> [Task statement]
Pick out every line in the data below that holds "Retro".

> [Data shown]

▬▬▬

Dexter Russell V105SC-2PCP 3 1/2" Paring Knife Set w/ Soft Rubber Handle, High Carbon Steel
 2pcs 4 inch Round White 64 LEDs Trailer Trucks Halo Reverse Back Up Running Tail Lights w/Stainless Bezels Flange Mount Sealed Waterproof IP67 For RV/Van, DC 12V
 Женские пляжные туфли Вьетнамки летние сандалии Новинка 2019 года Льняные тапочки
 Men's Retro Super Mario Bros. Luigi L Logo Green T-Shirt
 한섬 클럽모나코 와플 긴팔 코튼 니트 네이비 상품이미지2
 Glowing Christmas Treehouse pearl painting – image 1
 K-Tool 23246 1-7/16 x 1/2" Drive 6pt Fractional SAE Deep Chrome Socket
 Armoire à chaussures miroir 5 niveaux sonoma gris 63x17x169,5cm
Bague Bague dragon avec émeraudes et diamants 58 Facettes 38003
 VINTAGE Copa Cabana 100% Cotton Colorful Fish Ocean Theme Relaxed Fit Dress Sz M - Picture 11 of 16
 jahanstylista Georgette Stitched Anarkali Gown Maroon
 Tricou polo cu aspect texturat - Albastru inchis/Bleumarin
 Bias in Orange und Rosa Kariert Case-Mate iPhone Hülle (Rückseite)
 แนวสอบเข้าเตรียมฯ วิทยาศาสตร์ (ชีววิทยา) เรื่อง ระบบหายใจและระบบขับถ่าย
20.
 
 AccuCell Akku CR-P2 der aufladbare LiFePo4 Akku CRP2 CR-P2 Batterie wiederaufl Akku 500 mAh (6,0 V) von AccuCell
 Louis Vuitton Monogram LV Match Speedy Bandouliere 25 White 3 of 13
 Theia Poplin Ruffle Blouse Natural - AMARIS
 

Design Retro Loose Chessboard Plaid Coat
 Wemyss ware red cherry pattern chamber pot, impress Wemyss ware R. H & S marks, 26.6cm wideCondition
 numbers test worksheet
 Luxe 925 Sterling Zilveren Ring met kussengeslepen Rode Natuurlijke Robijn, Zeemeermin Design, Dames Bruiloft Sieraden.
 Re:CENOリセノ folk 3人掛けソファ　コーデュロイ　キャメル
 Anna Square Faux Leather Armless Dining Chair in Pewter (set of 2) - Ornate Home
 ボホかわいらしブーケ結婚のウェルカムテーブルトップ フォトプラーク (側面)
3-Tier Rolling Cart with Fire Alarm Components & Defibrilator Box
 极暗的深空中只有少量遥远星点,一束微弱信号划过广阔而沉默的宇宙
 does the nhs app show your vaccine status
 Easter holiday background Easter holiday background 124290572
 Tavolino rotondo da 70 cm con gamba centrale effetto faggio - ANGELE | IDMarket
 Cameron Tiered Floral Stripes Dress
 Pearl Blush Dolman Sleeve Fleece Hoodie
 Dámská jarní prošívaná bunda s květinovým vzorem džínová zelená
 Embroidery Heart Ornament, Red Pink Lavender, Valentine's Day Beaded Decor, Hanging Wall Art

▬▬▬

> [Result for this exercise]
 Men's Retro Super Mario Bros. Luigi L Logo Green T-Shirt
Design Retro Loose Chessboard Plaid Coat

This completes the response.